== DATA ==

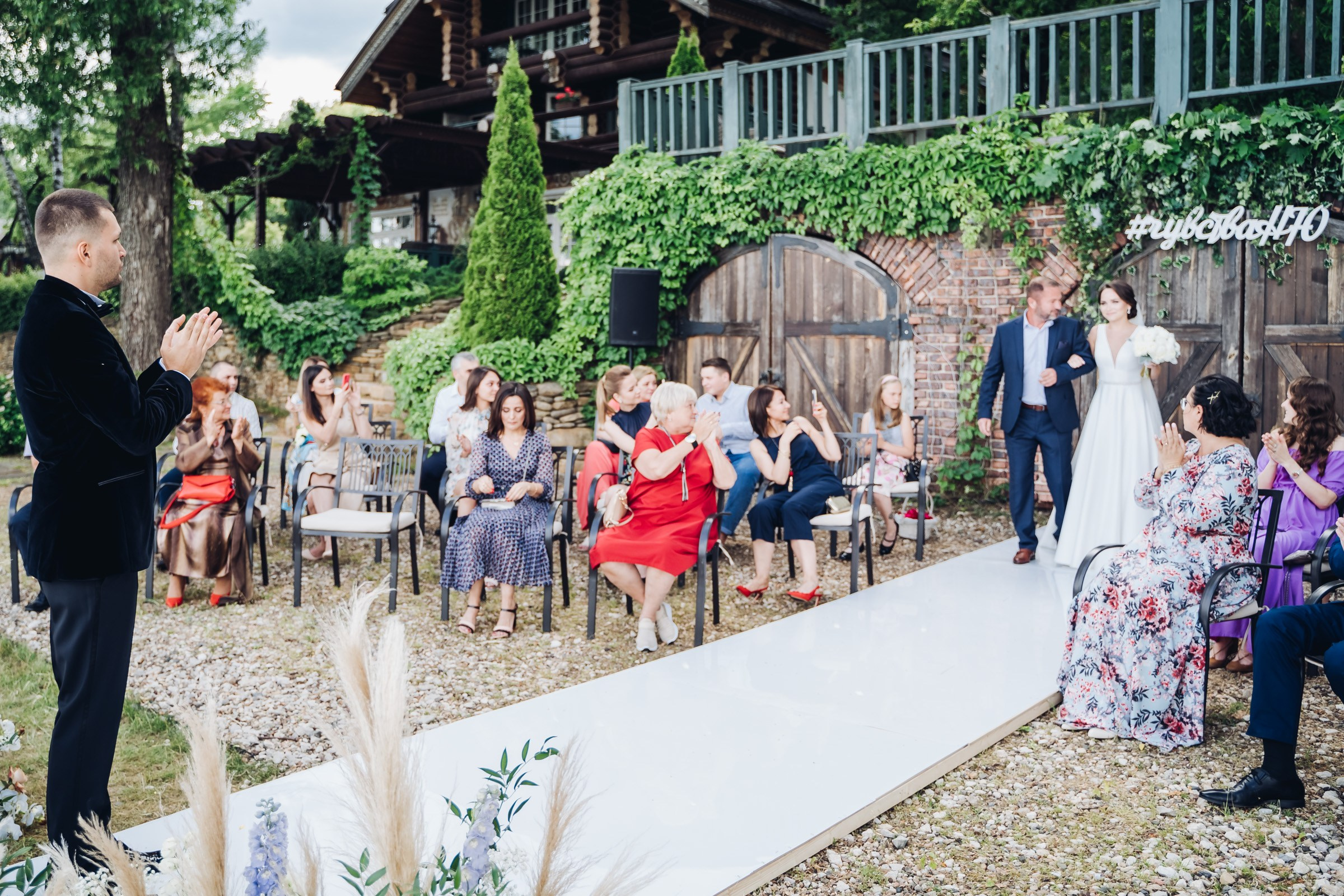 Свадьба НЮ. Фотограф Константин Пешков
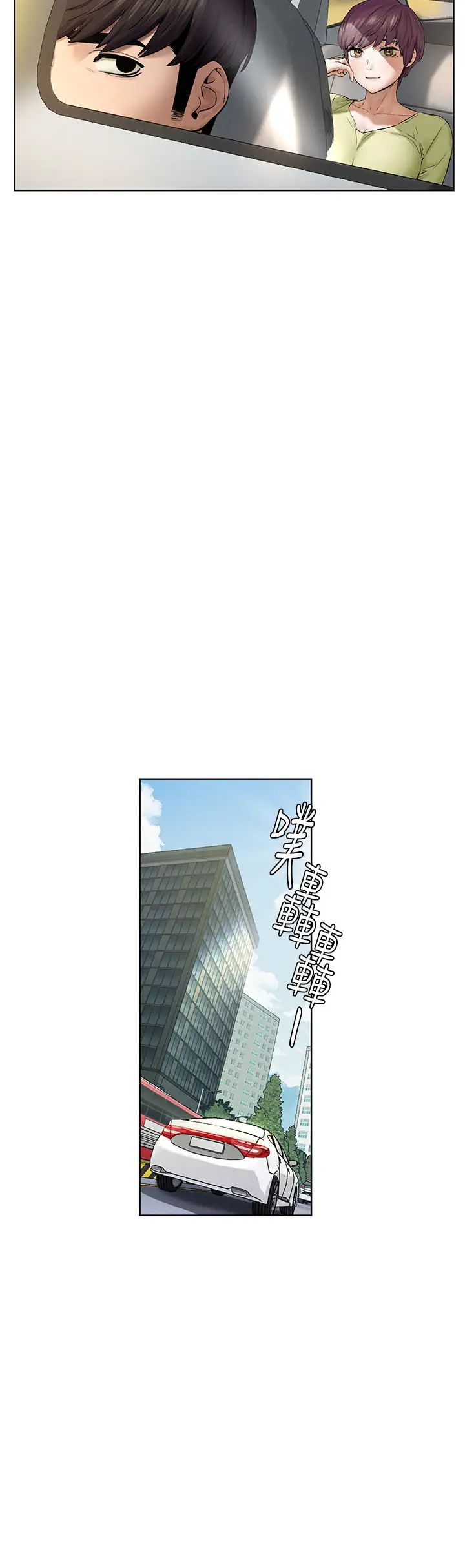 衝突第115话-炫秀,快点插进来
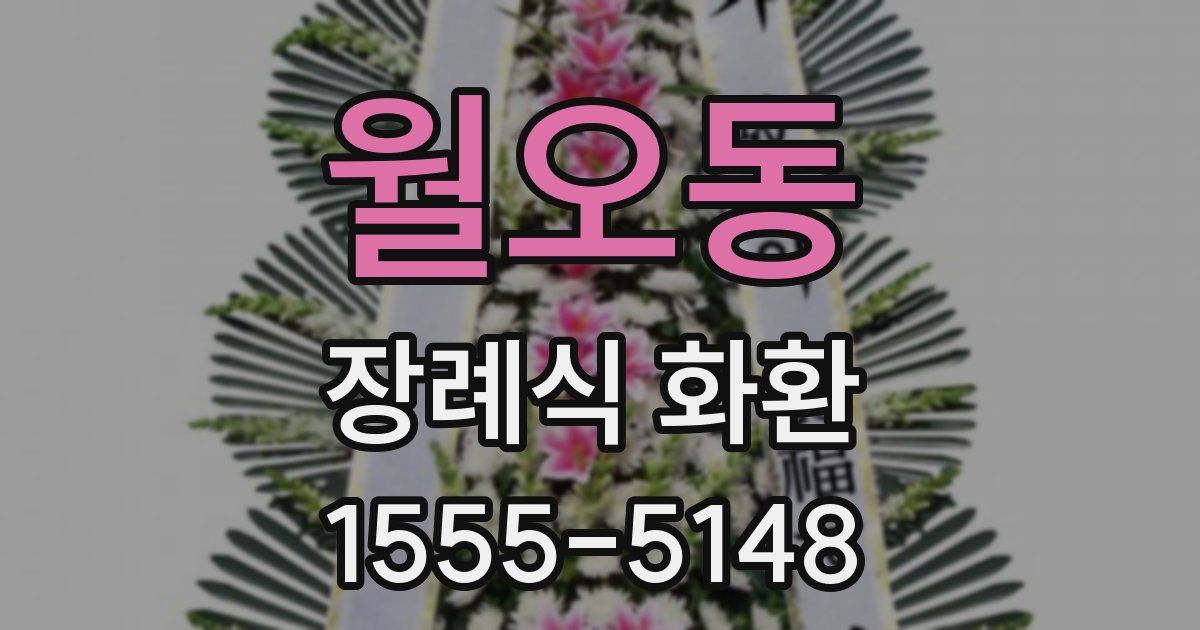 월오동 장례식 화환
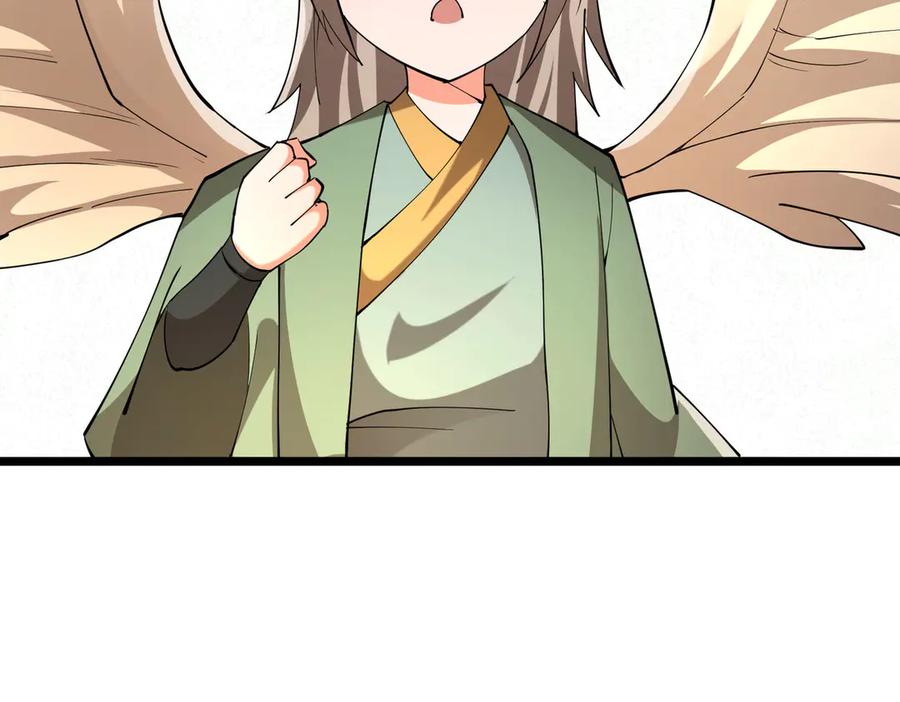《沉睡万古：出世横推诸天》第108话 云笙--兵家种子！ 第102页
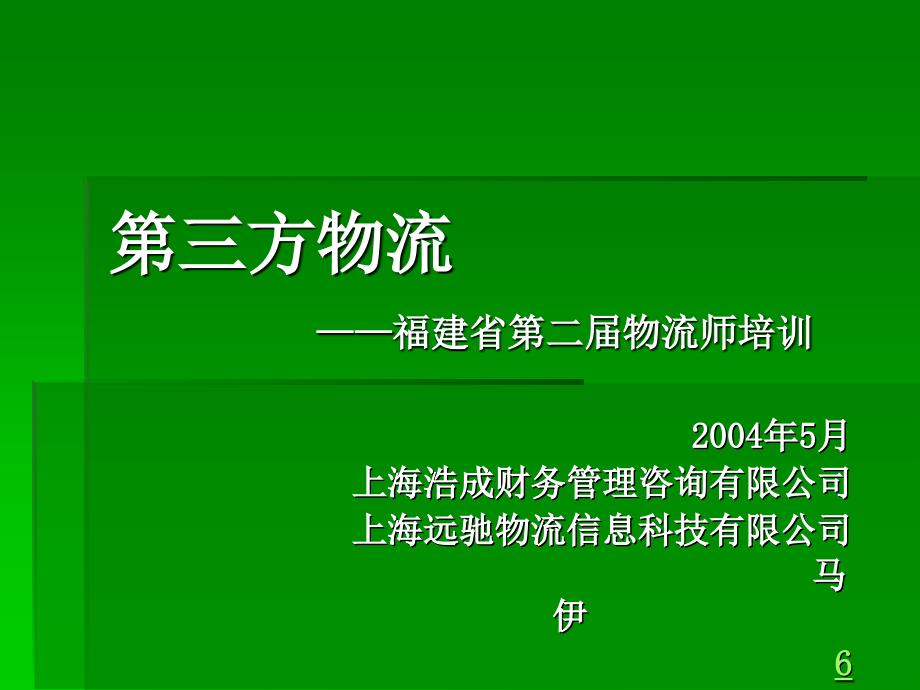 某科技公司第三方物流培训_第1页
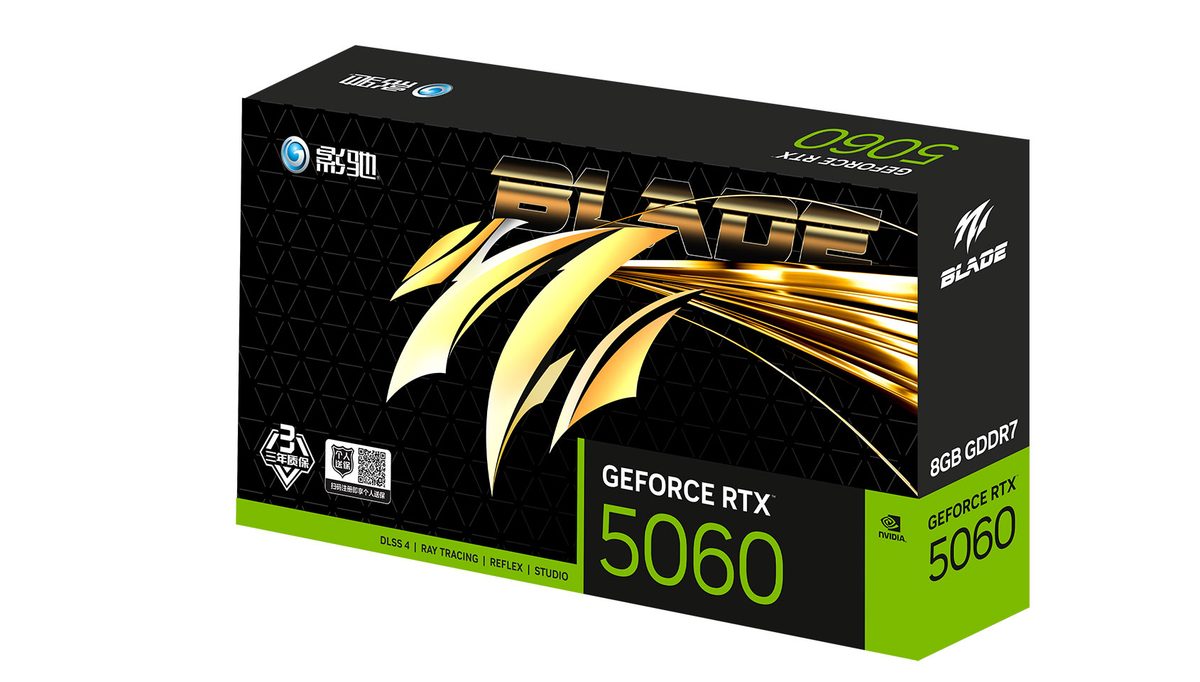 影驰 GeForce RTX 5060 魔刃 OC 图片 8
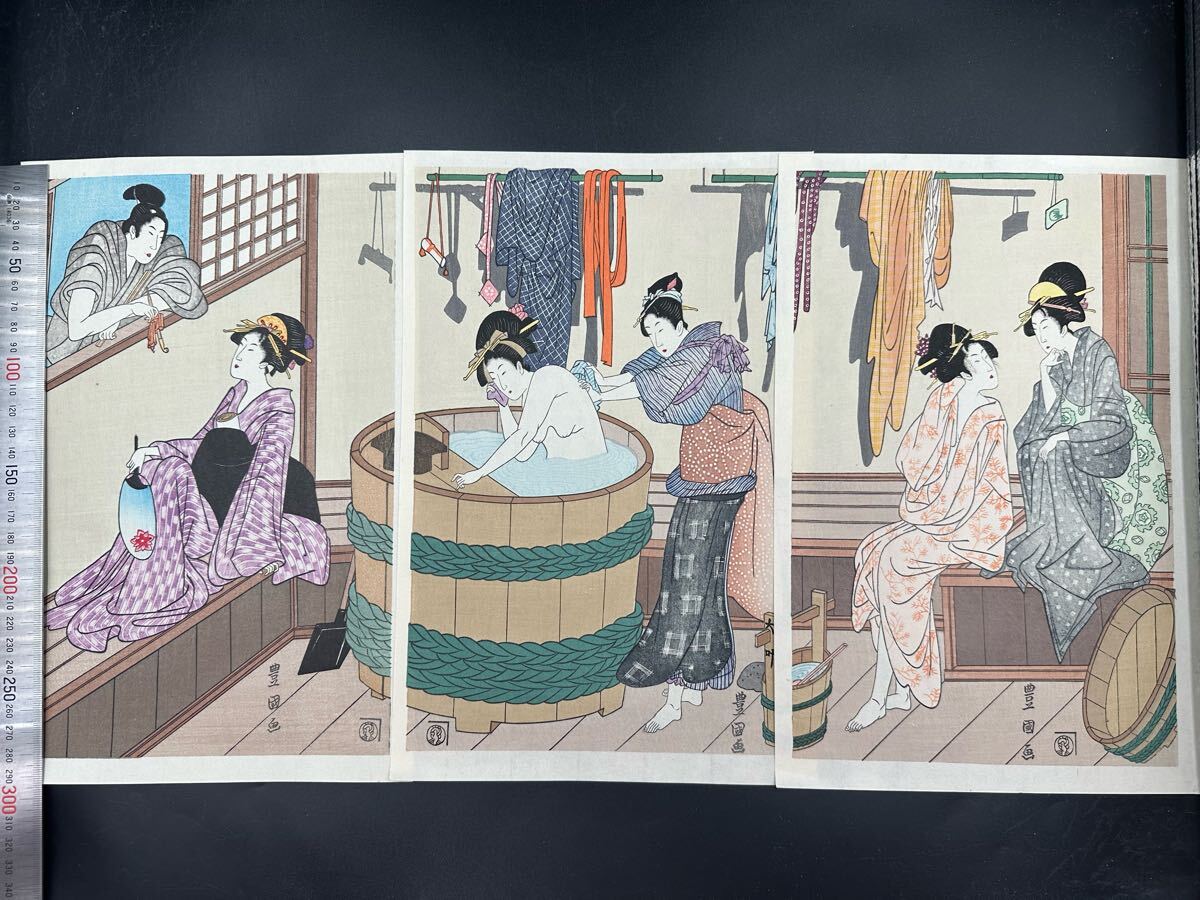 真作】大正期 浮世絵木版画 歌川豊国 「入浴」美人画 裸婦 中判 錦絵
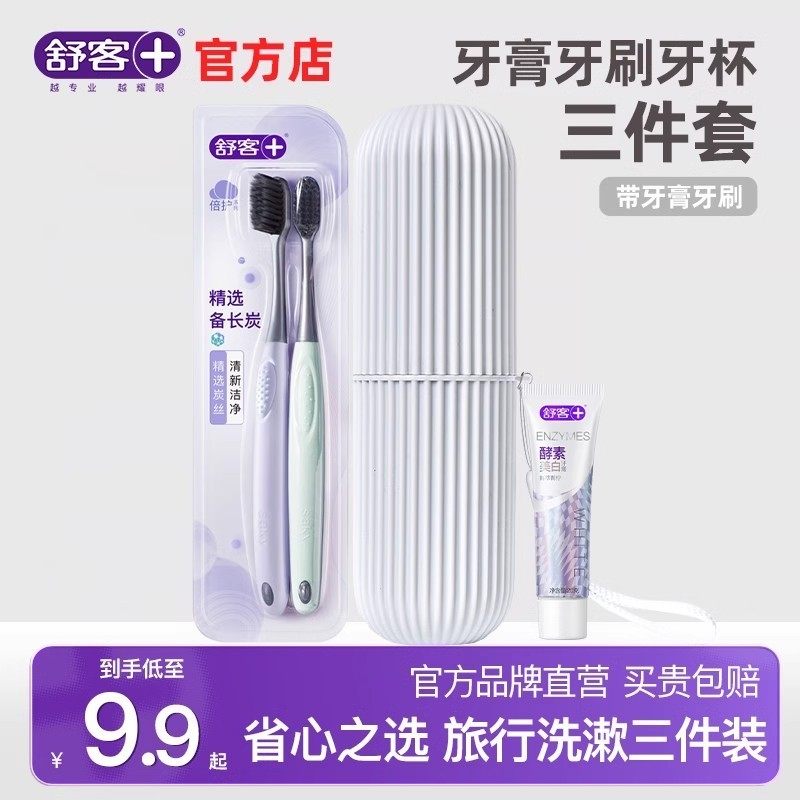 舒客牙刷牙膏牙杯三件套旅行旅游洗漱用品非一次性洗漱套装便携式,洗护清洁剂/卫生巾/纸/香薰,口腔护理套装/礼盒,淘宝优惠券,粉丝福利购,淘宝优惠卷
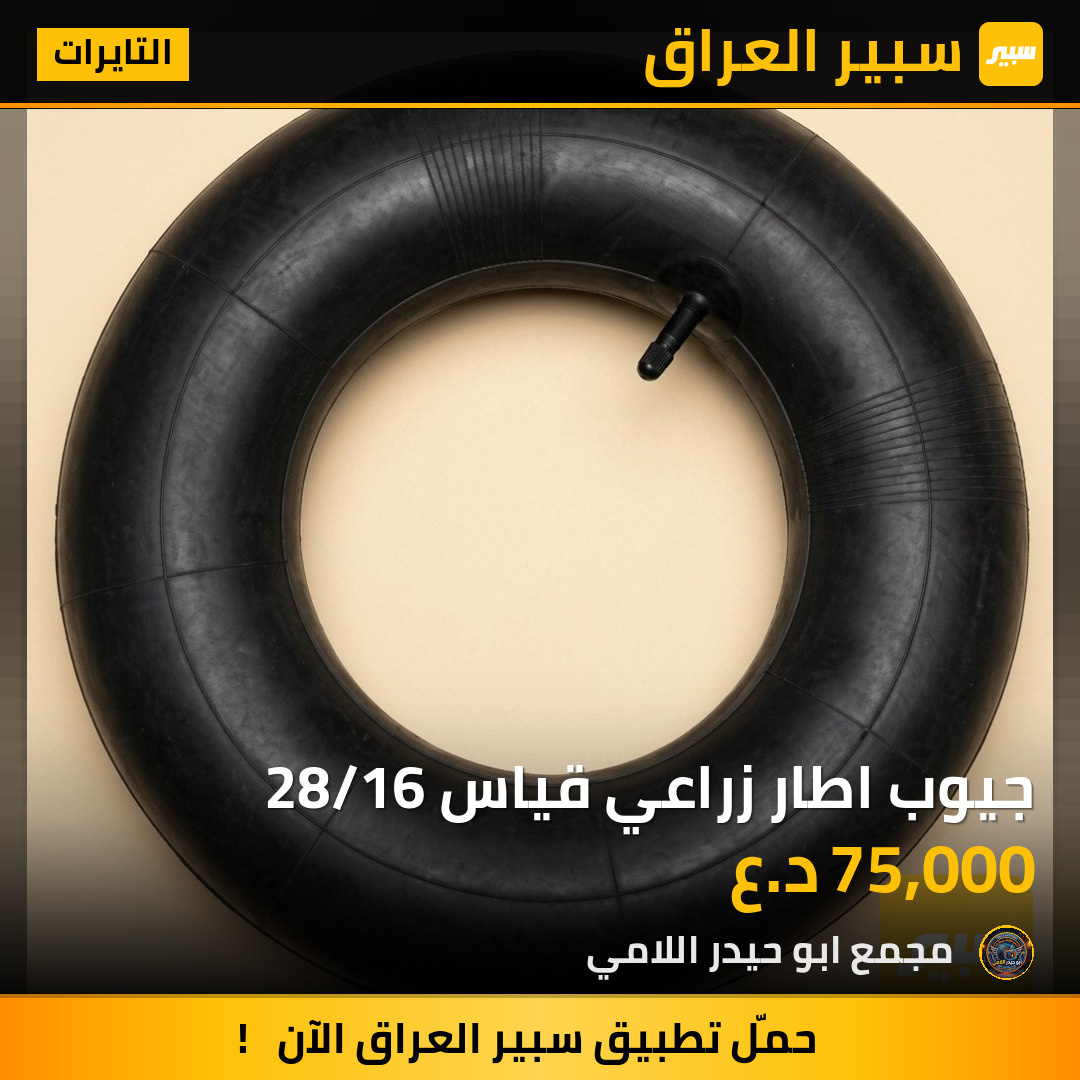جيوب اطار زراعي قياس 28/16 | سبير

===

All entries must be output exactly as they stand, and every picture must be left out.

**WRITTEN SOLUTION**.
 Свадьба НЮ. Фотограф Константин Пешков
 衝突第115话-炫秀,快点插进来
 월오동 장례식 화환
《沉睡万古：出世横推诸天》第108话 云笙--兵家种子！ 第102页
 某科技公司第三方物流培训_第1页
 影驰 GeForce RTX 5060 魔刃 OC 图片 8
 真作】大正期 浮世絵木版画 歌川豊国 「入浴」美人画 裸婦 中判 錦絵
 舒客牙刷牙膏牙杯三件套旅行旅游洗漱用品非一次性洗漱套装便携式,洗护清洁剂/卫生巾/纸/香薰,口腔护理套装/礼盒,淘宝优惠券,粉丝福利购,淘宝优惠卷
جيوب اطار زراعي قياس 28/16 | سبير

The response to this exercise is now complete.